Another deviation from the sphere of typical investors is the frequent reference, by the “talking heads” to XYZ making a BET on a certain outcome. The word “bet” very frequently crops up in broadcast and print financial news. It should be obvious that short term traders, trading thousands of shares at a time, in mille-seconds, are “betting” that a stock will rise or fall in value in the very short term (minutes rather than days or months). It has been said (but not proven) that the holding time of securities bought by high frequency traders is less than 10 minutes. If they bet right they win. The typical, prudent investor does research before purchasing a security. It is doubtful that the HFT trader does any material research into the companies they trade and are in every sense gambling on an uncertain outcome that is algorithm based.

What is interesting is the fact that there are both Federal and State anti-gambling laws and 19 states disallow social gambling. The legislative purpose of these laws seem to be to protect the citizens against shady people running card and dice games for their profit or to eliminate the corruption of “fixing” in sports betting. Much has been written about prohibiting on-line, internet betting despite the practical impossibility of effectively stopping it. But, if risking money on an uncertain outcome is gambling, then Wall Street provides the largest casino in the world, although one in which there are numerous rules to protect the investor against misrepresentation and fraud.

HFT is not a strategy available to the typical investor and benefits one specific group rather than all participants. Is it otherwise bad? Probably not unless it is clearly demonstrated that HFT induces a higher degree of volatility into the market than would otherwise exists. But, this research has not been undertaken. One fact, however, jumps out. HFT activity does not appear to add anything to the GNP of the U S. To the extent that lawmakers might come to the conclusion that HFT is a form of gambling they might wish to consider a transaction tax of $0.25 per share or $10 per transaction, whichever is less, on all securities purchased and held for less than 48 hours.

One thing is sure – the stock market does not provide a level playing field.


Proxy season has begun and, again, investors should notice what should be a disquieting pattern of information presentation. To begin with, it seems that an inordinate amount of space is devoted to executive compensation leading to a non-binding vote. The notion that, through the vote shareholders have a real say in the important issues involving corporate governance only becomes apparently ridiculous after reading through the proxy material.

Without naming names (you know who they are), companies that experienced significant reduction in share values in the period from 2008 through 2013 did not seem to reflect any comparable reduction in executive compensation. Instead, compensation appears to have increased over that time period. And, even if an individual shareholder was unhappy with the compensation packages, a NO vote by an individual shareholder is useless as a governance tool as it is non-binding. Millions of shares in corporate America are owned by institutions and, unless they, jointly take action to protest executive compensation nothing will happen.
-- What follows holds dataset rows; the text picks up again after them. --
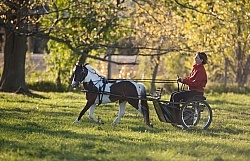 Miniature Horse Driving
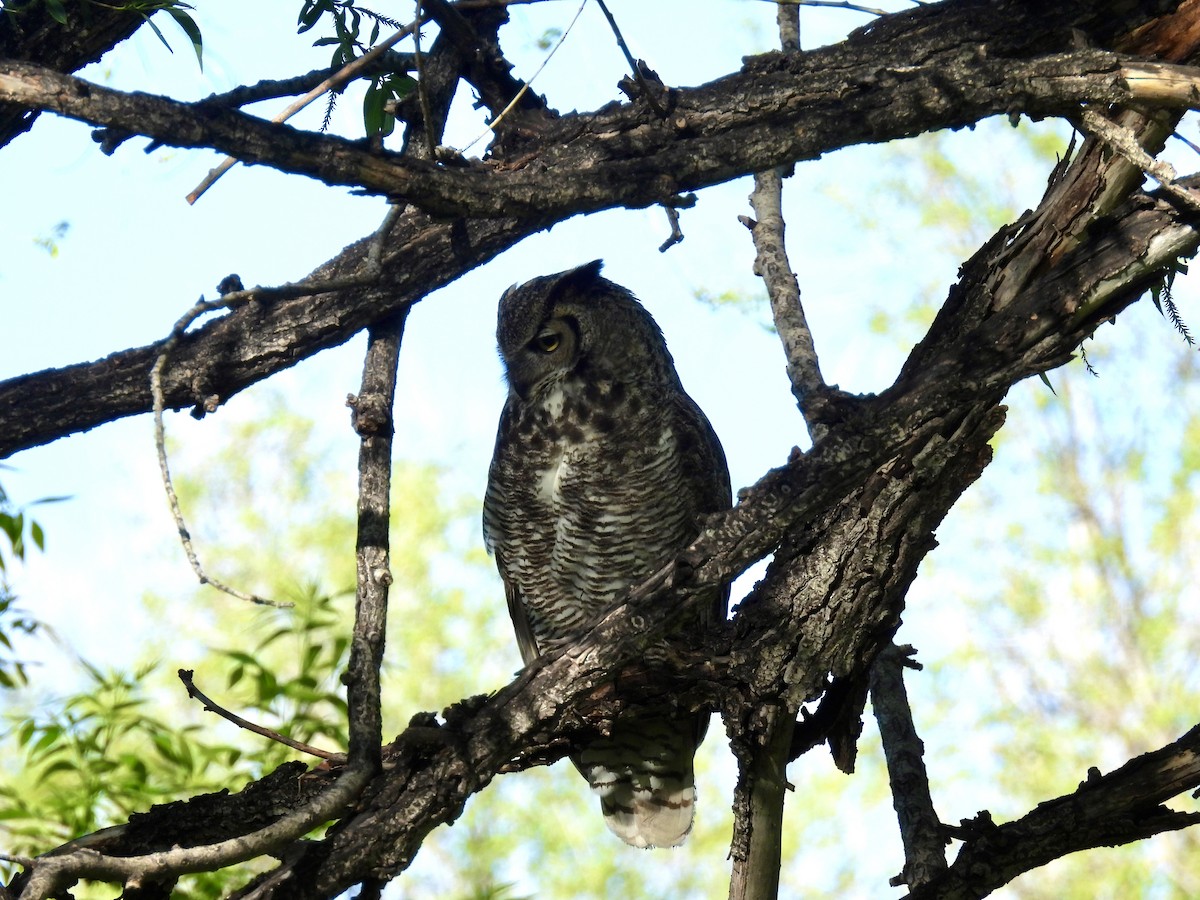 Great Horned Owl - ML619132202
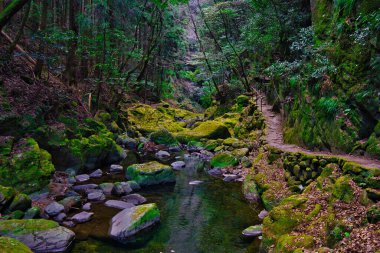Sahne Yosunlu Nehir Yolu 48 Akmen Şelalesi, Japonya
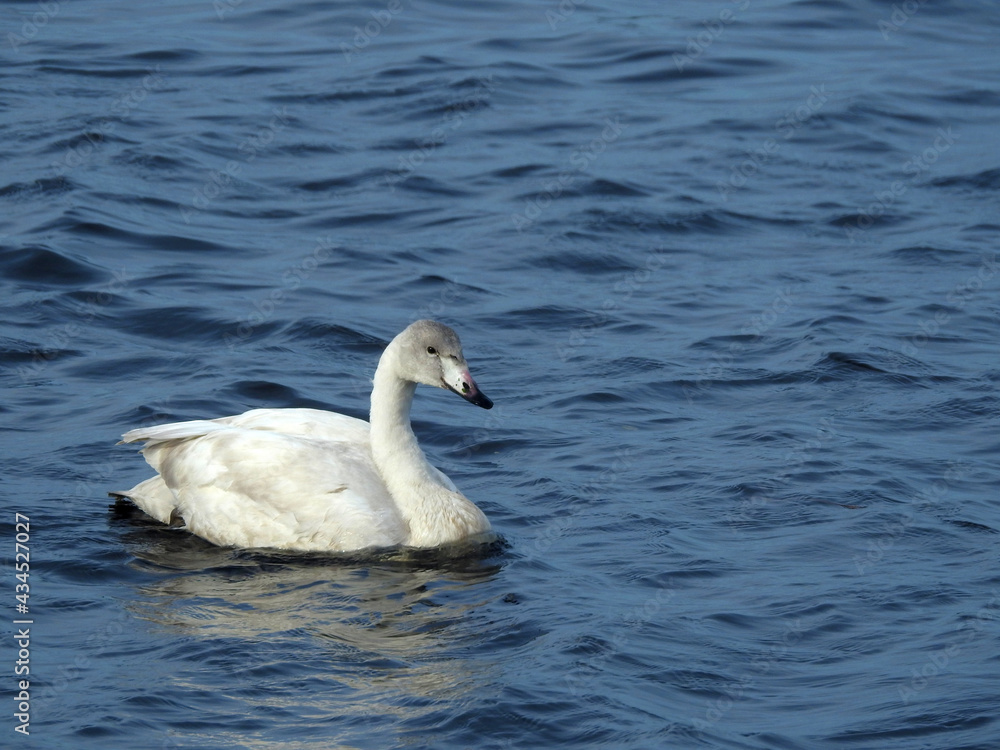 Juvenile Whooper Swan on Water Juvenile Whooper Swan on Water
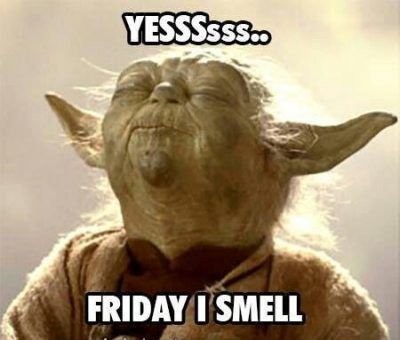 ca1c8b30b04f3592483636ed08d32245 tgif memes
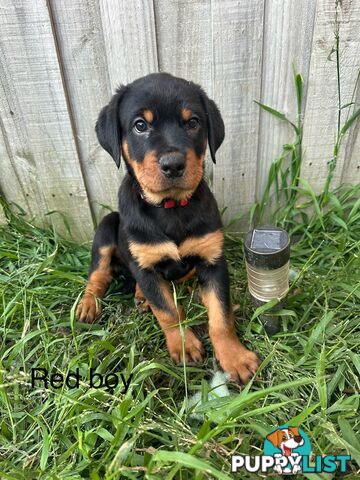 Purebred Rottweiler puppies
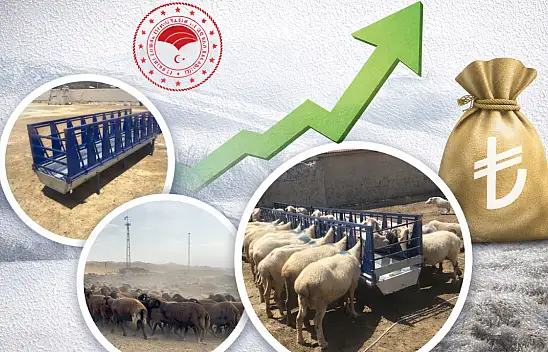 Ağrı'da küçükbaş yetiştiricilerine yüzde 60 hibe desteği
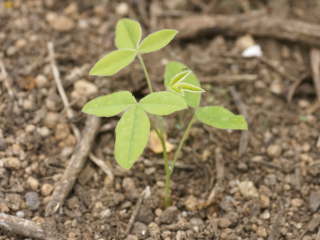 �L���O�T���̂��ڂ��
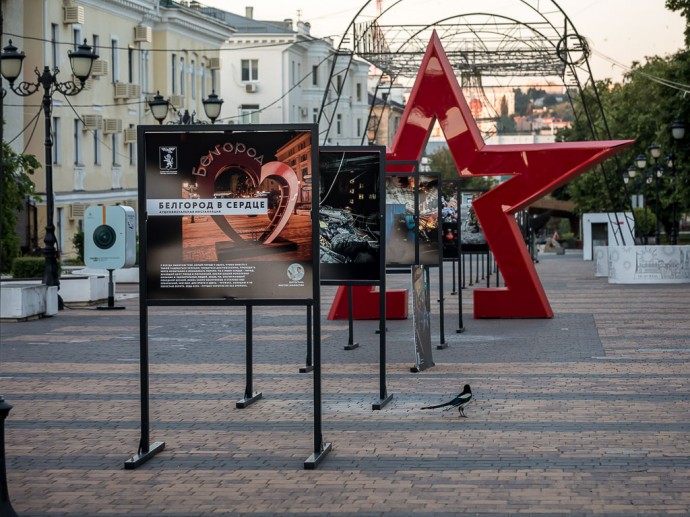 Почётными гражданами Белгорода станут Сергей Сиротенко и Валерий Скруг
Despite the overly generous rewards to corporate executives the proxy material does not provide any disclosure of the specific contributions of the executives being rewarded that would justify their compensation levels. Shareholders must just accept, on faith alone, that they are worth it. Yet, only in rare instances are the compensations of the few the most important part of the profit picture. Today’s CEO’s have become America’s royalty with all of the accompanying perks.

It is also interesting to read the “shareholder proposals” and recognize that very few, if any, ever obtain a management recommendation for a yes vote. Management always seems to be able to write a detailed argument for voting against the shareholder proposals no matter how meritorious they may be and rarely does management ever present its own proposal covering the same issue.
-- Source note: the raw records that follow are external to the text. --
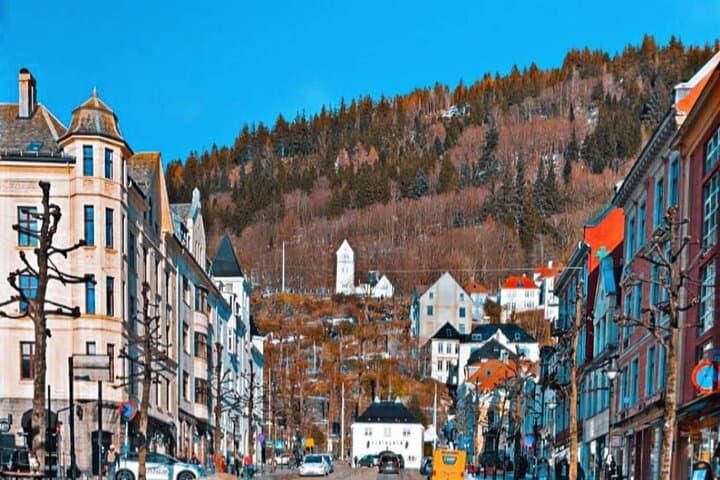 Exploring Bergen: Private Half-Day Walking Tour with Mount Floyen Funicular and Traditional Dinner photo 6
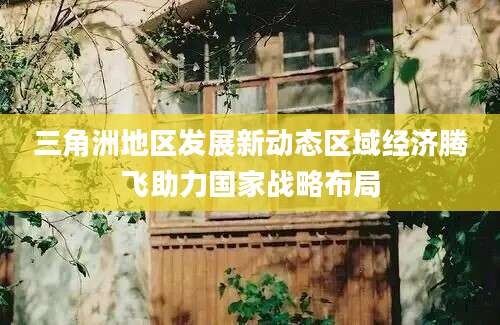 三角洲地区发展新动态区域经济腾飞助力国家战略布局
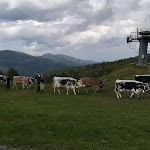 Photo n° 2 de l'avis de cynthia.i fait le 14/06/2019 à 16:00 pour Ferme Auberge du Treh à Markstein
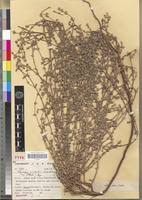 Image result for Polycarpaea prostratum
Shareholders should question whether or not the “independent directors” are really “independent” or just go along with management recommendations. There are too few examples of directors challenging or opposing the recommendations of the CEO and executive management team to convince shareholders of independence. Rarely, when shareholders are asked to vote for directors (new or re-elected) are they provided information detailing the expertise of the nominees that would be most helpful in managing the company. More attention seems to be paid to “politically correct” nominees.

Despite attempts of the regulator to “level the playing field”, the investing game remains the province of the institutions and traders. The market is a trader’s market with high speed trading adding a level of de-stabilization and leading to the ability of a few to “front run” the market. Despite regulation attempts to cause full disclosure, the typical individual gets his or her information long after the “professionals” received theirs and, more importantly, long after the critical time to take action on the information.
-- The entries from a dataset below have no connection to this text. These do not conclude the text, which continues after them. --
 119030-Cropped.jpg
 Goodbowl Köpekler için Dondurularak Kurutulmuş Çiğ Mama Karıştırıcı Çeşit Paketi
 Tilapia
Years ago, before the “information age” investors bought shares for the long term and what happened on a quarter to quarter basis was not the driving force. Brokers advised clients to buy a stock and “just put it away”. It those days that was a good strategy. But, now the entire focus of the market is short term with little, if any, discussion on investing in a security for the long term. This short term focus is not beneficial to the typical individual investor but rewards the short term trading accounts.

Unfortunately, this is the environment within which individual shareholders are asked to vote their proxies. It is very difficult to come up with a plan to cure the negative governance and market problems but it may be worth the effort to try.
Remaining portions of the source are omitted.